Ya tengo generada la señal cuadrada, pero solo necesito desfasarla 90° grados  ¿cómo puedo hacerlo ? . Gracias por su respuesta.


----------



## Black Tiger1954 (Nov 4, 2010)

Una idea chapucera pero funciona. Cambiando R1 y/o C1 se modifica el retardo. También hay que cambiarlos si varía mucho la frecuencia.
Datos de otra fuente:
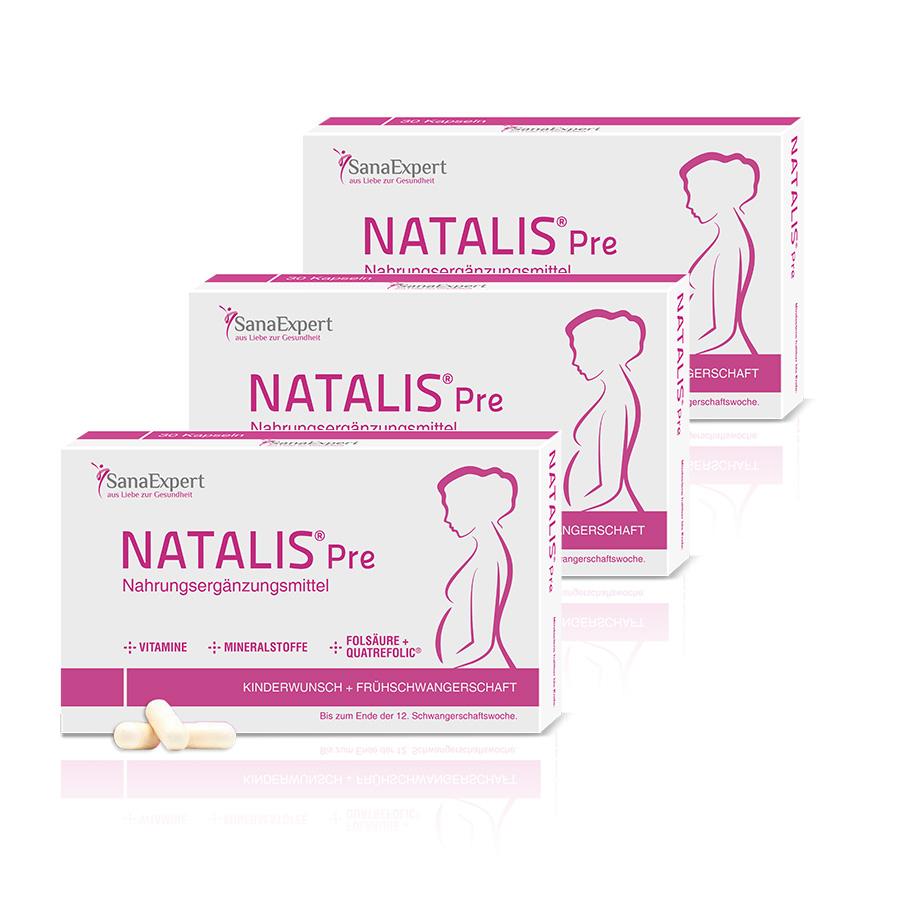 SanaExpert Nahrungsergänzungsmittel Natalis® Pre Folsäure und Vitamine bei Kinderwunsch & Frühschwangerschaft 3 x Monatspackung á 30 Kapseln
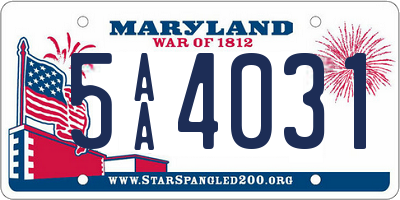 MD license plate 5AA4031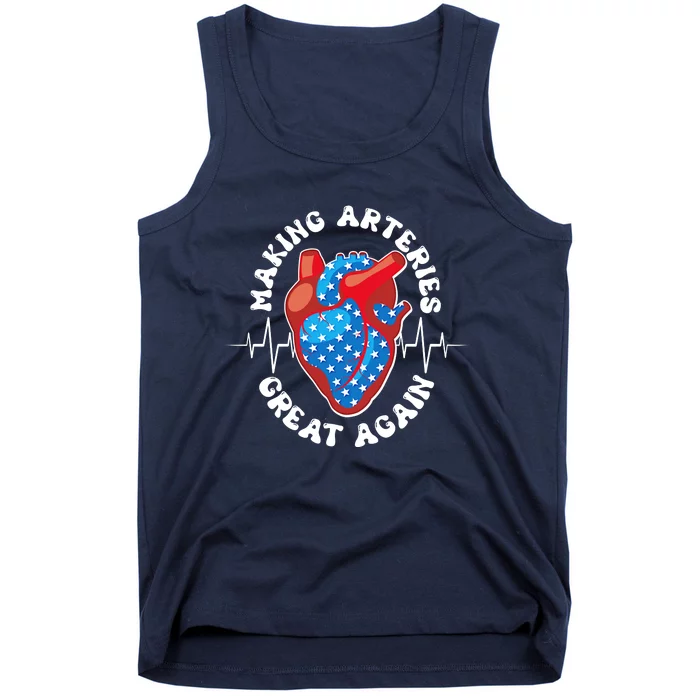 Patriotic Making Arteries Great Again Heart Health Tank Top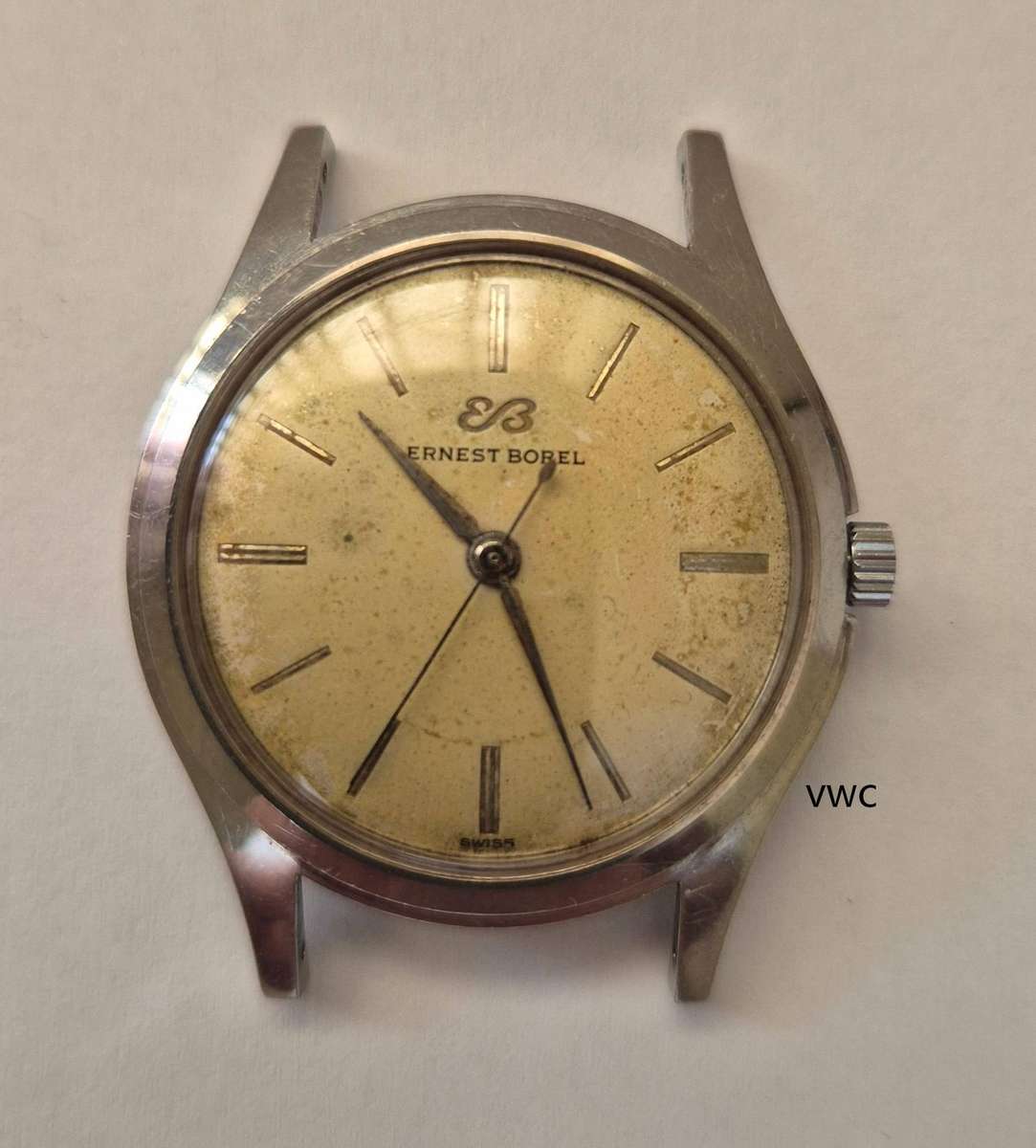 Vintage Earnest Borel men's manual wind watch - working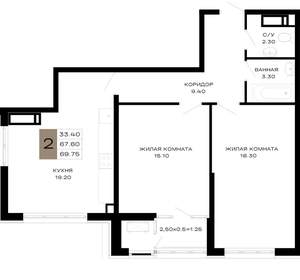 2-к квартира, вторичка, 69м2, 5/21 этаж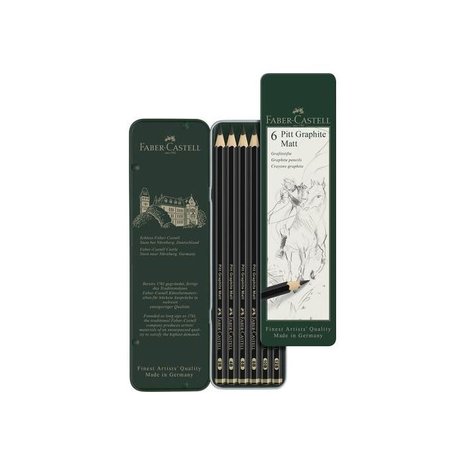 Faber Castell Pitt Graphite Matt Pencils (6pcs) (FC-115207) Faber Castell Pitt Graphite Matt Pencils (6pcs) (FC-115207)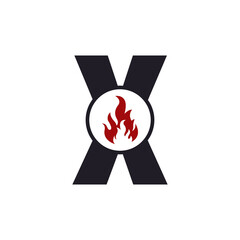 Initial Letter X with Flame Fire Logo Design Inspiration
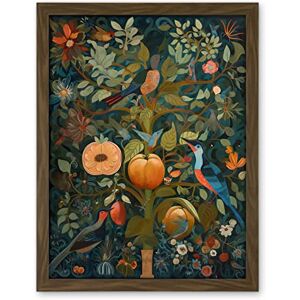 Artery8 Birds on Blooming Peach Tree in Modern Folk Art Artwork Framed Wall Art Print 18X24 Inch Artery8 Birds on Blooming Peach Tree in Modern Folk Art Artwork Framed Wall Art Print 18X24 Inch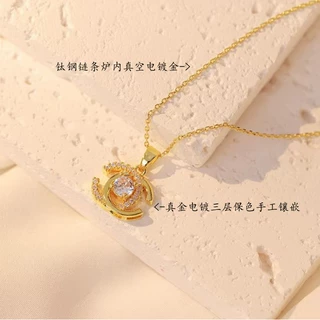 钛钢项链爆款双C项链灵动系列轻奢高级简约小众设计感吊坠气质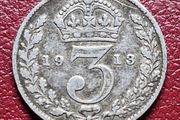 1913 United Kingdom 3 Pence - George V sterling silver coin
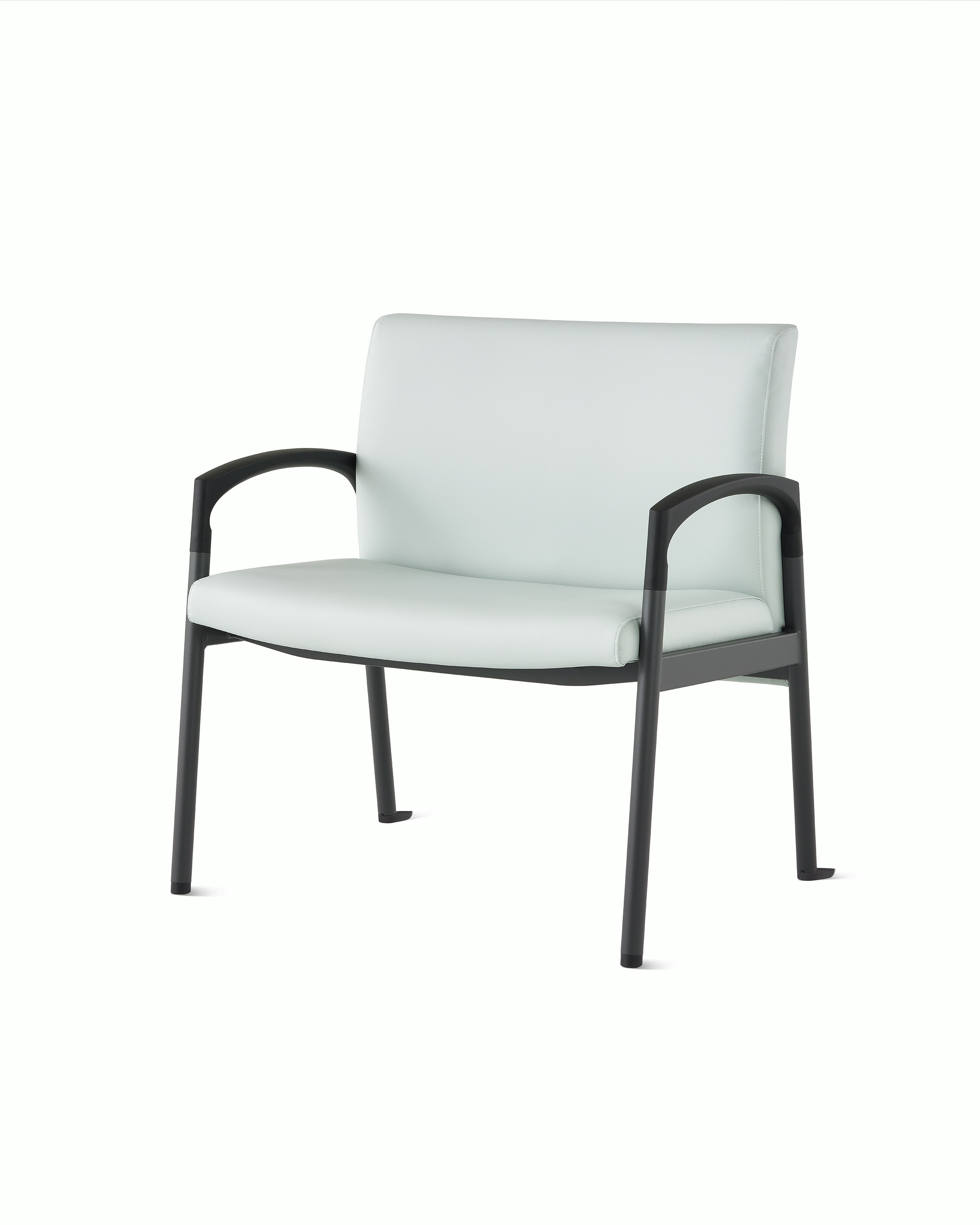 Three-quarter view of a Valor plus-size chair in a light gray upholstery and black frame on white sweep.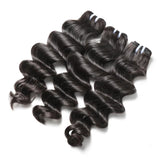 Jesvia Hair Brazilian Hair Loose Deep Wave 3 Bundles With 1 Lace Closure-LBW44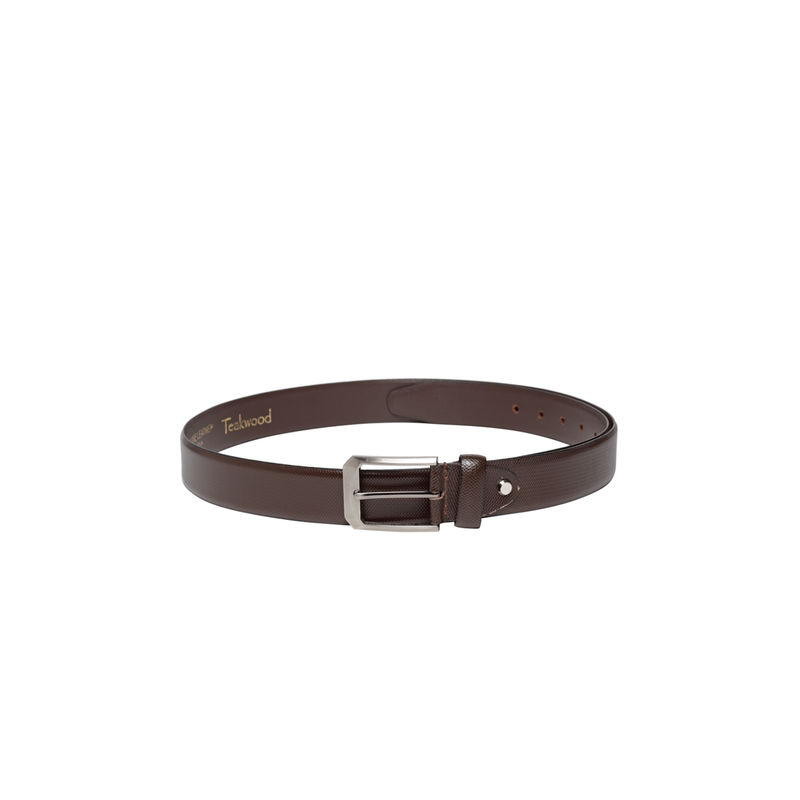 Teakwood Men Brown Textured Genuine Leather Formal Belt - 44
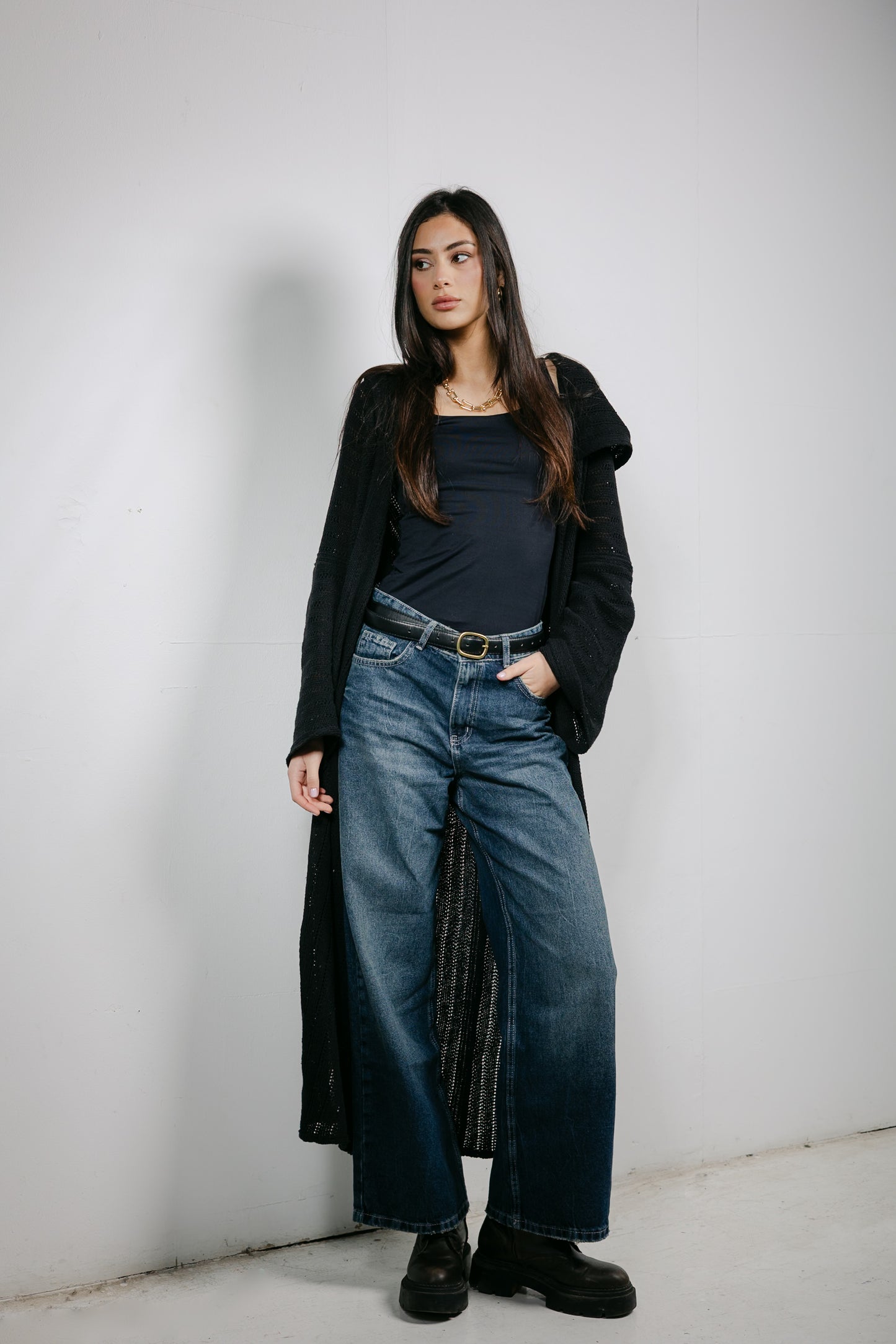 Moon Glow Knit Cardigan in Black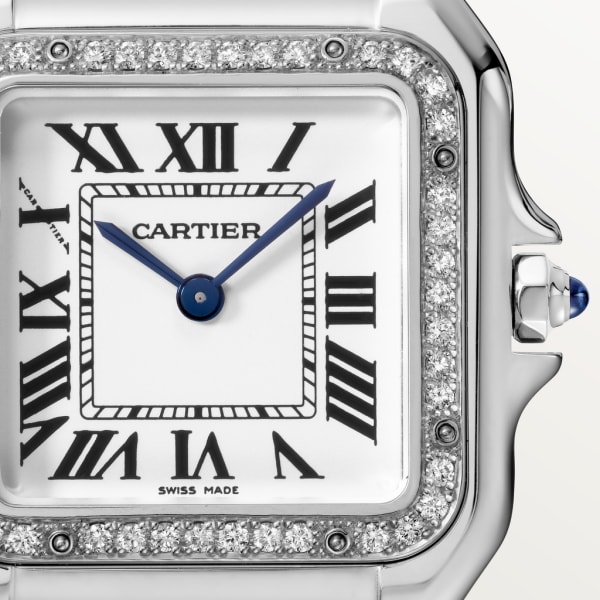 Panthère de Cartier 腕錶 中型款，石英機芯，精鋼，鑽石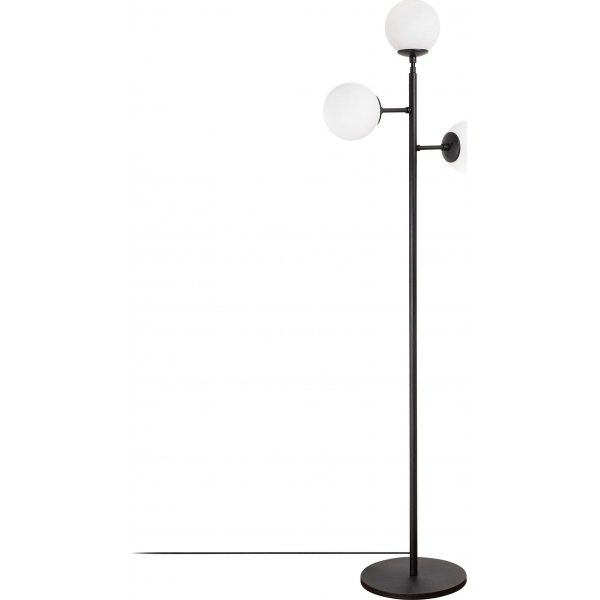 Atlas Stehlampe opal - Schwarz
Esto sirve si la frecuencia es constante.


----------



## oscar84 (May 12, 2011)

Fogonazo dijo:


> Si aplicas la señal por base y tomas la salida por colector (NPN), las señales quedan desplazadas 180º



Hola igual me surgio esta pregunta como puedo desfasar a los 180° grados. tengo implemementado mi circuito y me da una señal cuadrada pero quiero desfasarla 180° como puedo hacerlo con el transistor NPN
y donde conectaria cada uno de los pines emisor, base y colector.
seria d egran ayuda su respuesta saludos.



Fogonazo dijo:


> ¿ Algo así ?



Hola fogonazo.... estoy viendo tu circuito y me preguntaba? como puedo hacer le que se desfase 180 grados que es lo que tengo que cambiarle al circuito no se si el valor de capacitores o algo mas ??  saludos y espero tu respuesta..
bye..ñ


----------



## pandacba (May 12, 2011)

Estas preguntando lo que ya te repondieron, de echo tomaste lo dicho por fogonazo y alli esta lo que preguntas


----------



## johncaro12 (May 12, 2011)

oscar84 dijo:


> hola igual me surgio esta pregunta como puedo desfasar a los 180° grados. tengo implemementado mi circuito y me da una señal cuadrada pero quiero desfasarla 180° como puedo hacerlo con el transistor NPN
> y donde conectaria cada uno de los pines emisor, base y colector.
> seria d egran ayuda su respuesta saludos.


----------



## oscar84 (May 17, 2011)

Hola, ya conecté de otra forma mi circuito.. y me dió una señal cuadrada desfasada..
Ahora me surgió otro problemita , conecté la salida de la señal del 555 a un moc3031 y a ésta misma le hice un arreglo para conectarla a un SCR.. Me enciende a apaga un foco.. el único problema es que éste se encuentra parpadeando y lo que yo quiero es que deje de parpadear y prenda y apague, como le puedo hacer???? me sugirieron poner un capacitor para que elimine este parpadeo pero en verdad no se si ésto funcione... espero y ustedes tengan una solución a ésto... Saludos.


----------



## johncaro12 (May 20, 2011)

Si pusieras un esquema de lo que estas haciendo?, para saber cual sería el problema.


----------